Entering his 21st season as a head coach at the collegiate level (plus two in the National Football League), Saban will turn 65 on Oct. 31, when Alabama will be coming off its bye and beginning to prepare for another showdown with LSU.

For a lot of people, that’s an age that brings thoughts about cashing in the 401(k) and playing golf every day. Although Bobby Bowden kept coaching at Florida State until he was 80, and Joe Paterno was 85 when he finished at Penn State.

Saban has no plans to coach that long. Although he’s never come close to mentioning when he might want to hang up his trademark straw practice hat, it’s become a point of contention as he’s started talking about how other schools are beginning to use his age against him in recruiting.

What are the chances Saban is still Alabama’s head coach when current prospects are slated to earn their degrees? Actually, pretty good.

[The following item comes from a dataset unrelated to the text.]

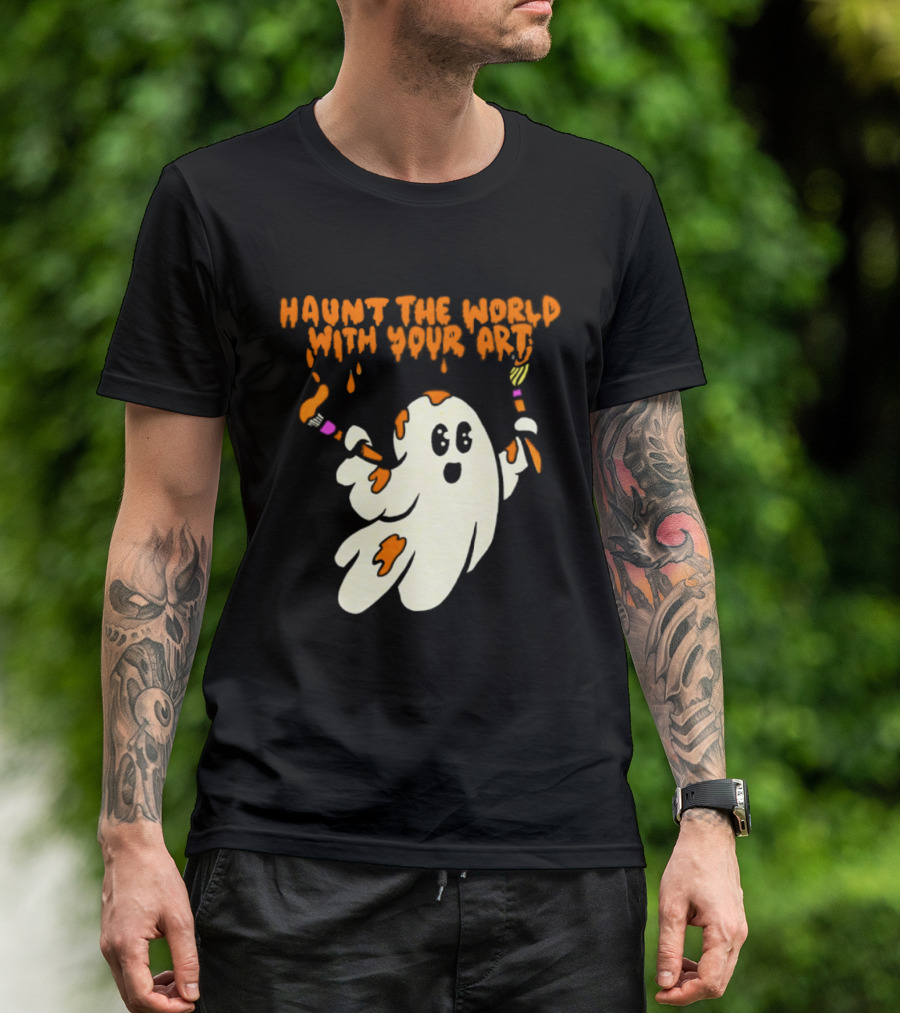 Haunt The World With Your Art Ghost Creativity Brushes T-Shirt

Remember, these critics are some of the same people who previously said Saban would never stay with the Crimson Tide for more than a couple of years.

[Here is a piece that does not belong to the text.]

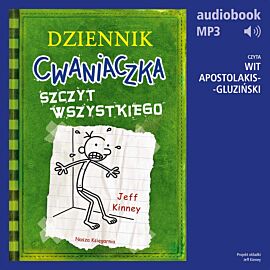 Dziennik cwaniaczka 3. Szczyt wszystkiego (audiobook MP3)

Instead, 2016 will be his 10th season in Tuscaloosa, Alabama.

Regardless, how much longer he plans to keep coaching has become one of the first questions Saban gets asked after he wins a national championship.

“The one thing I have always said is I’ve been a part of a team since I was nine years old,” he said in January after Alabama knocked off Clemson, 45-40. “It scares me to ever think of the day when I wouldn’t be a part of the team. The feeling that you get being associated with a group like this makes you want to do it more.

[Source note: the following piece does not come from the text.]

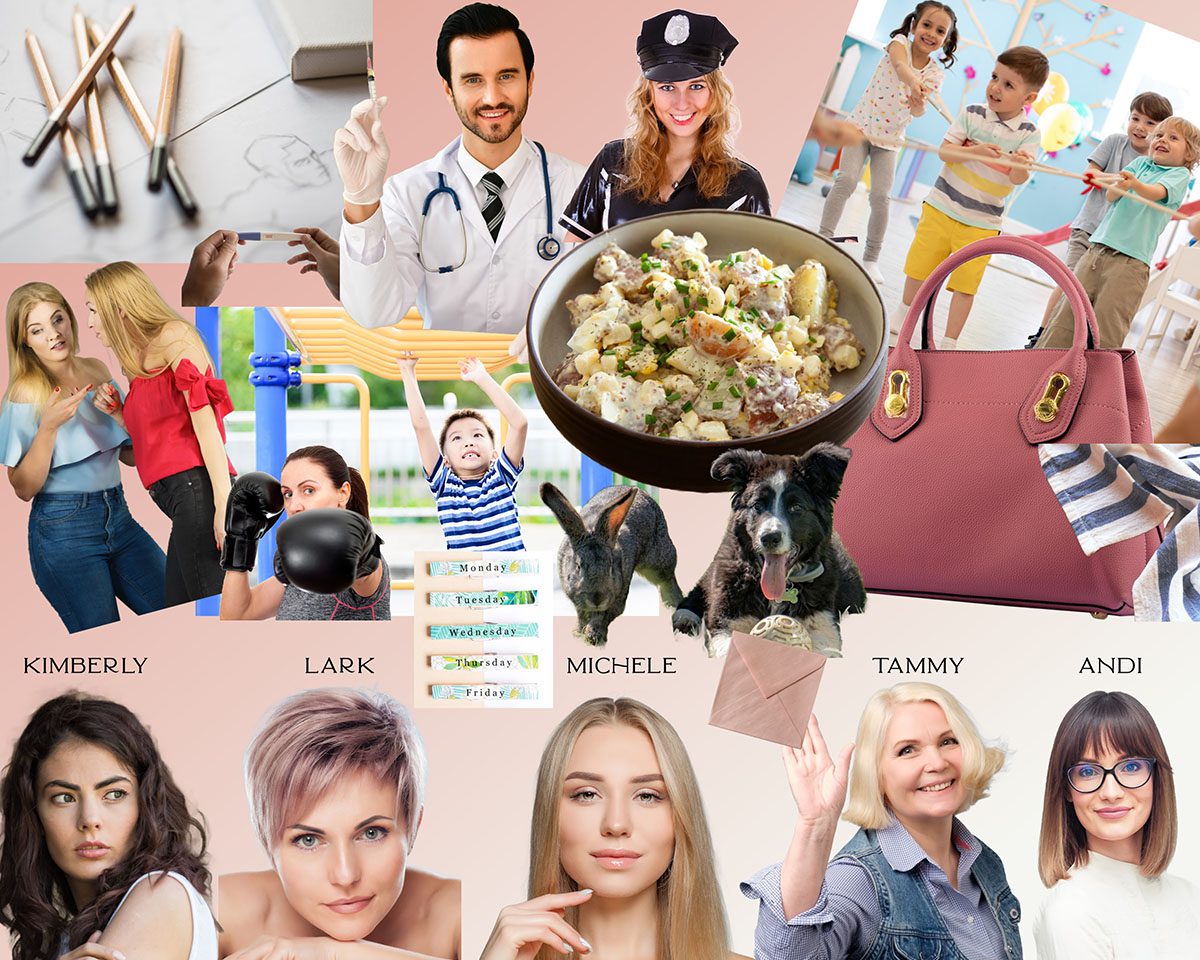 Collage of various images: doctor, police officer, children playing, women talking, boxing, dog, pasta dish, pink handbag, and portraits of four women named Kimberly, Lark, Michele, Tammy, and Andi.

“That’s kind of how I feel about it. I know you can’t do this forever, but I certainly enjoy the moment and certainly look forward to the future challenges that we have and really have no timetable for ever not being a part of a team.”

Saban has long said that as long he’s healthy and still enjoys coaching, he’ll keep plugging away. Although that’s not too different from what Steve Spurrier said before stepping down midway through South Carolina’s season last year at the age of 70.

But at this point of his life, one has to wonder what keeps Saban motivated because he’s done just about everything imaginable.

In winning five national championships, the four with Alabama have been at the sites of the four major BCS bowls (Rose, Sugar, Orange and Fiesta).

Saban has the most wins against a team ranked No. 1 in the Associated Press Top 25 poll in college football history with six. No one else has more than four, and that’s despite Saban having a team ranked No. 1 at some point of the season for a record nine straight years. Alabama was recently announced as No. 1 in the 2016 AP preseason poll.

He needs just five more players to land consensus All-American status to have the most of any coach in history. Similarly, his 21 first-round picks in the NFL draft (not including the seven additional players he recruited to LSU or Michigan State who were first-round picks after he left) have him tied for the fourth most.

Saban been so consistently good for so long he doesn’t win coach-of-the-year awards any more. Since getting the Amos Alonzo Stagg Coaching Award from the American Football Coaches Association in 2010, he’s won three national championships compared to just one major coaching honor—the Bobby Dodd Coach of the Year Award (2014).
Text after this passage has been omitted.